Step 5: Format and display
The agent returns raw markdown. For now, we print it to the terminal. In a real deployment, you might save it to a file, render it with a markdown library, or stream it to a web interface.
if __name__ == "__main__":
topic = "Retrieval-Augmented Generation patterns for enterprise search"
report = run_research(topic)
print(report)
Run it
Export your Oxlo.ai API key and execute the script. The model will likely issue one or two search queries, wait for the synthetic results, and then emit the final markdown. If you switch to qwen-3-32b, you may notice different query strategies because its agent tuning emphasizes planning.

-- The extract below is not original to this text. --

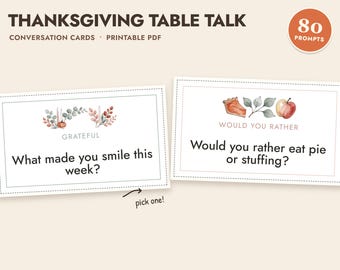 Thanksgiving Conversation Cards Printable, 80 Table Talk Prompts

export OXLO_API_KEY="sk-oxlo.ai-..."
python research_agent.py
Example output:
# Retrieval-Augmented Generation Patterns for Enterprise Search
## Overview
Retrieval-Augmented Generation (RAG) combines dense retrieval with large language models to ground responses in private data.
## Key Patterns
- **Hybrid retrieval**: Using dense and sparse vectors together improves recall over pure vector search in enterprise settings [Source: RAG Patterns 2024].

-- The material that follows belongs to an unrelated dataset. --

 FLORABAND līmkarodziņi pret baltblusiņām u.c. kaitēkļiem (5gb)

- **Re-ranking**: Passing retrieved chunks through a cross-encoder before generation reduces hallucination rates [Source: Enterprise AI Report].
- **Latency considerations**: At sub-million scale, partitioning strategies across major vector databases show similar latency profiles [Source: Vector DB Benchmark].
## Gaps
- No specific benchmark data was found for billion-scale partitioning. Treat latency claims as architecture-dependent.
Next steps
Swap mock_search for a real search provider such as SerpAPI, Exa, or Tavily, and add extra tools for arXiv or Wikipedia lookups. If you start attaching long PDFs or multi-page search results to the conversation, the flat per-request pricing on Oxlo.ai keeps costs predictable even as your context grows. See the exact plan details at https://oxlo.ai/pricing.
Another practical upgrade is JSON mode. You can request the final report as structured JSON instead of markdown if you need to feed it into another pipeline. Oxlo.ai supports this through the standard response_format={"type": "json_object"} parameter. You can also parallelize tool calls by handling multiple tool_calls in a single turn, or switch to kimi-k2.6 if you need its larger 131K context window for massive source documents. The SDK call stays the same. Only the model string changes.